• California Houses of Gordon Drake
  • GRANTEE
    William Stout Publishers
    GRANT YEAR
    2006

Gordon Drake, Berns Beach House, Malibu, 1951.

In his prolific, but tragically brief career, Gordon Drake significantly influenced and inspired the direction of post-World War II residential architecture. Working almost exclusively from the west coast, he created a new architecture embraced by post-war middle class America without abandoning any of the rigor of Modernism.

Drake, who was barely 34 years old in 1952 when he was killed in a skiing accident in the Sierras, achieved a body of work enviable to much older colleagues both in quality and quantity, and with such apparent spontaneity to have virtually no rivals in the field of modern architecture.

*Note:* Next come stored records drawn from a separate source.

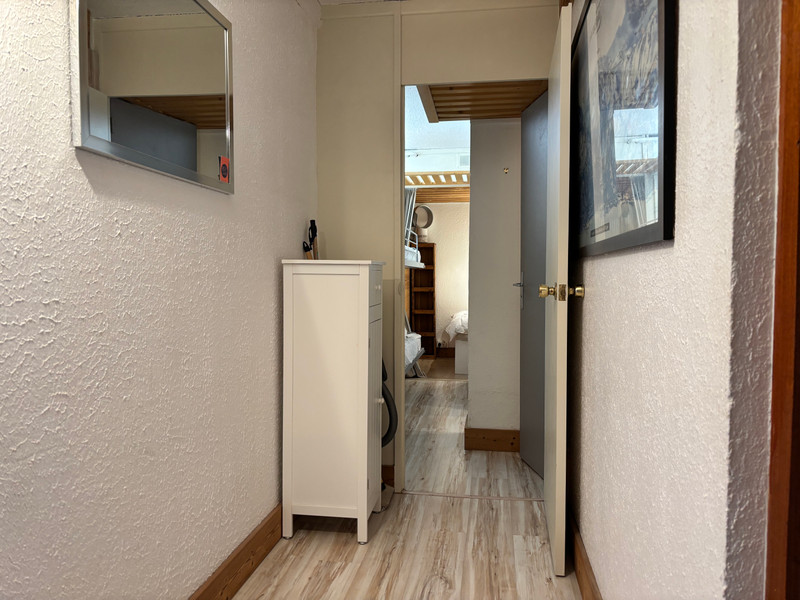 Ski property for sale in La Plagne - €230,000 - photo 7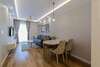 Апартаменты Apartments Centrale 28 Подгорица-1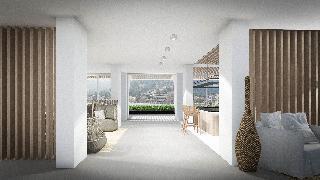 Ona Hotels Soller Bay - Adults Only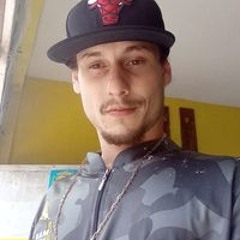 Isaac Porto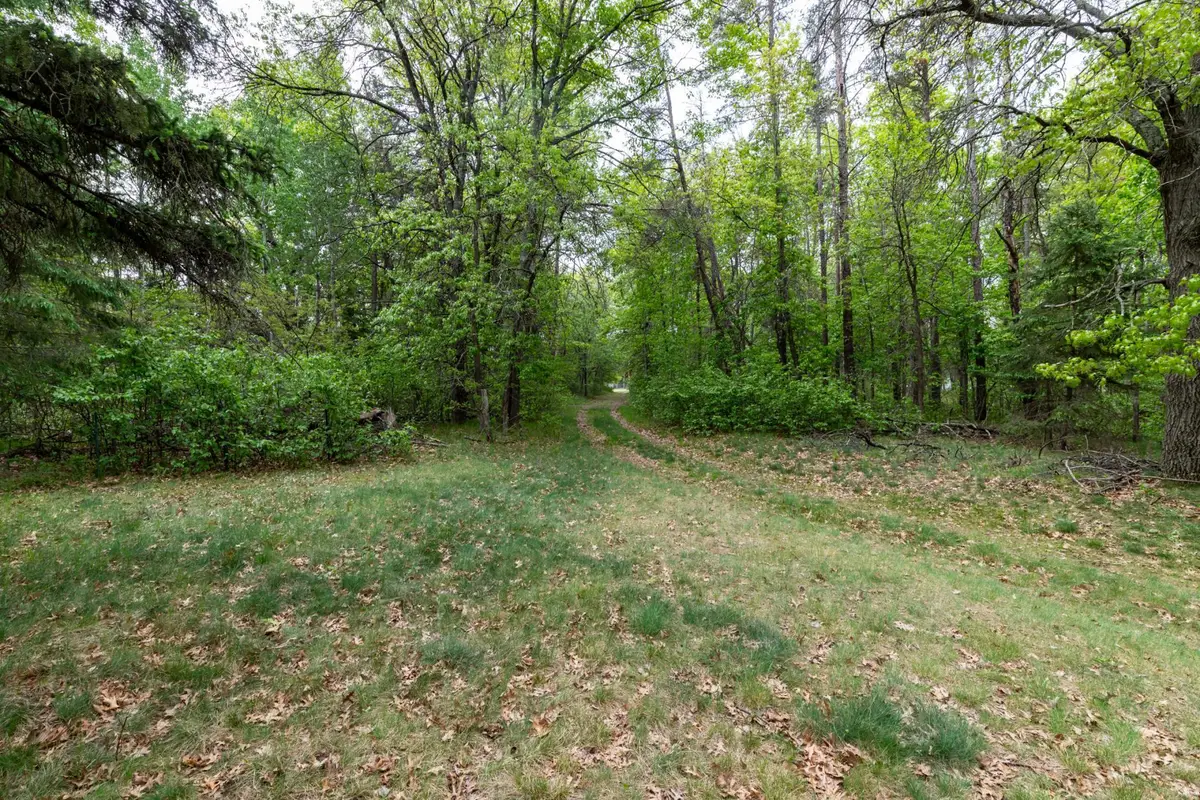 5394 Clearwater Road, Baxter, MN 56425 - #1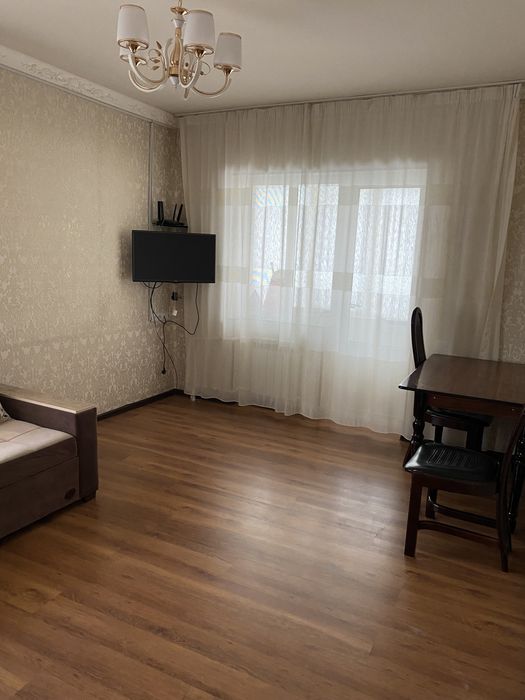 Ц/14 Ганга 4/4 2 хона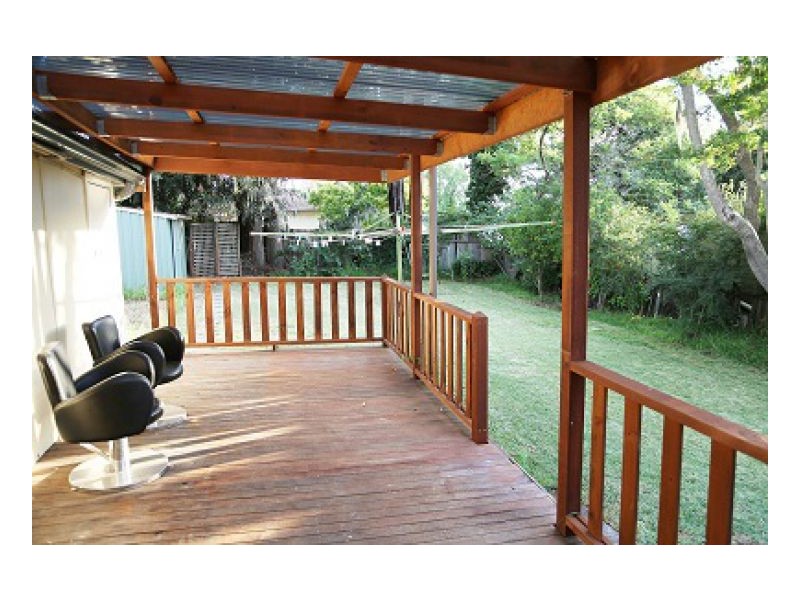 1/9 Goodlands Ave, Thornleigh NSW 2120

The reissue of California Houses of Gordon Drake by Douglas Baylis and Joan Parry, richly illustrated with photographs and Drake’s own drawings, includes a new introduction by esteemed architect Pierluigi Serraino. Serraino argues that Gordon Drake’s work is of great value today because Drake, well ahead of his time, understood the structural relationship between architectural design, construction methods, and the environmental impact of architecture. Drake anticipated sixty years ago the environmental threats we are facing in our time. His insight of how wasteful construction can be without a sensitive attitude to the rhythms of nature and how reckless it is to design without human values and concerns are themes that are as modern as today.

The book also includes a new preface by Glenn Murcutt.

Douglas Baylis (1915-1971) was a West Coast landscape architect who was associated with Gordon Drake from 1950 to 1952. Gordon Drake did his only remodeling job for Douglas and Maggie Baylis on their home in San Francisco. He lectured at several universities and was Supervising Landscape Architect to the University of California.

Joan Parry was a young free-lance English writer. She did the research and wrote the book of Gordon Drake for this book. Educated in Great Britain and France, she came to America in 1949 and spent three years traveling throughout the country before settling in San Francisco.

Pierluigi Serraino is a practicing architect in the San Francisco Bay Area. The author of many books on architecture, including Eero Saarinen, Modernism Rediscovered, and NorCalMod. His articles and projects have appeared in Architectural Design, ArCA, Global Architecture, Hunch, Construire, Architettura, ACADIA, and Journal of Architectural Education.